I lie in poetry, in fiction, in memoir. Do you think it’s possible to not lie in memoir when we only have our memory to rely on?

Here’s a story about how I began lying with a paper and pen.

I was young and crying. I was face down on the couch that folded out into a bed, my own bed at this time. My brothers, as they often did and still do, went too far with their aggravations. I’m not sure what spurred me into grabbing a notebook and pen, but I did with every intention of spilling every inflamed emotion onto that paper by way of ink.

I remembered poetry I’d heard on TV and something inside me told me I should rhyme my tears away.

That was my first poem. It was about red eyes and a red, slick face. I threw it out a long time ago.

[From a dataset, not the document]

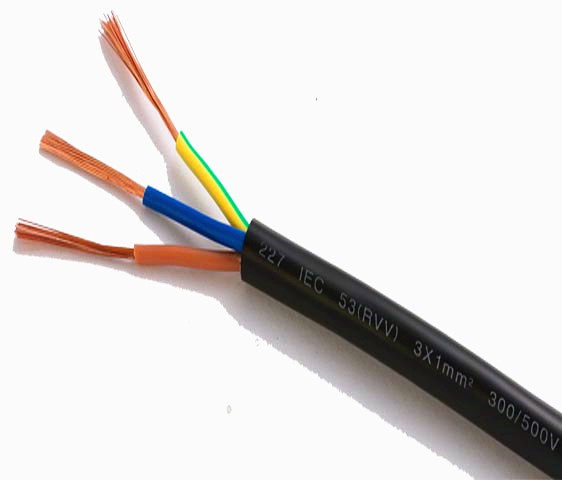 Wire Cable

But it was in those moments that I found something to use to my own advantage. Admittedly, up until I was sixteen all my poems were sad or angry. Basically, all the good angsty stuff.

Yet, what began as a hobby to make myself feel better became a love for language and all the possibilities is holds. I look at it this way, when I was younger I used writing and now I strive to work with it. To create. Or rather, discover and explore the world around all of us.

You see now?

Where I lied?

All and none of it is a lie.

But here’s why I really call myself a writer now. It isn’t because I used it to emotionally cope and then discovered a love for it, rather it’s a much less dramatic story. Because that did happen, but it’s not who I am as a writer.

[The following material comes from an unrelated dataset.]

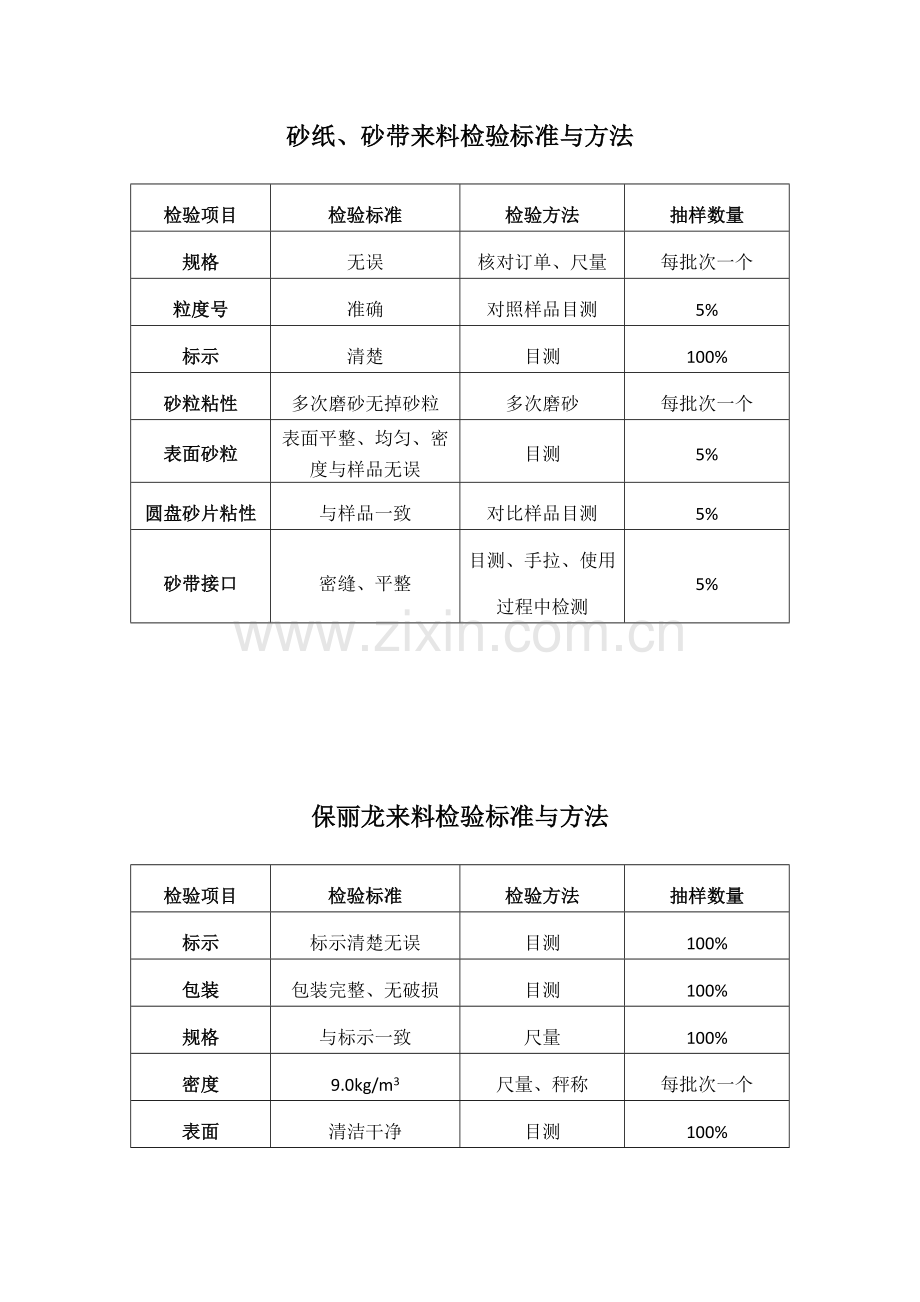 来料检验标准与方法.docx_第1页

The truth is I’m not a writer. Naturally, at least. I hated writing and I hated reading as a kid. I managed to start reading the summer I was fourteen. It helped me cope with the fact that I had nothing to do. This new found “love” of reading spurred this idea that because I love to read, I should write as well.

Someone probably should have told me that’s not how it works.

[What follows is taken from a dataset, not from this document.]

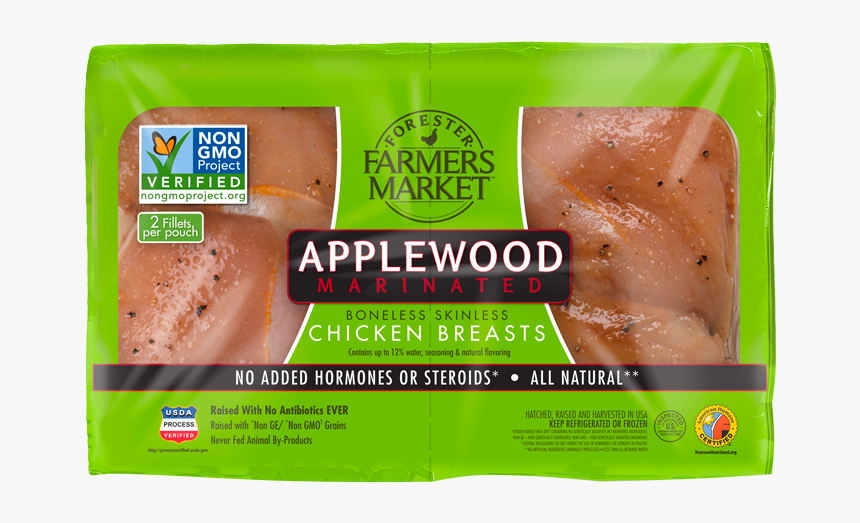 Boneless Skinless Chicken Thighs, HD Png Download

So, for years I told people I was a writer, I loved to write, and that in the future it was what I wanted to do with my life. I believed it, too. That didn’t make it true.

I went to college for creative writing on that lie.

That’s when I managed to realize, I’m not a writer.

I didn’t love language. I didn’t love good novels. I didn’t care what you said about my writing. I didn’t truly love writing. What I loved was the escape, that is not a love of writing. That’s just a distraction from reality.

When I saw that in myself, I didn’t back down from my lie. Instead I embraced it.

I cut ties with my old thinking and began to think correctly. I was not a writer, but I wanted to be. So, I learned to love language. I learned to read Dickens, Dostoysevsky, and Nabokov. I began reaching for something greater than what I had.

I’m not a writer by nature. I’m a writer who plays with language until it works. Sometimes that takes a way-too-long time. Just call me Fitzgerald (someone told me his first draft of Gatsby was awful, but through editing made it what it is. Don’t quote me on that!)

So, I’m a writer because I taught myself to love the tradition of the craft and to sincerely pursue it, not to the benefit of self, but to the benefit of all.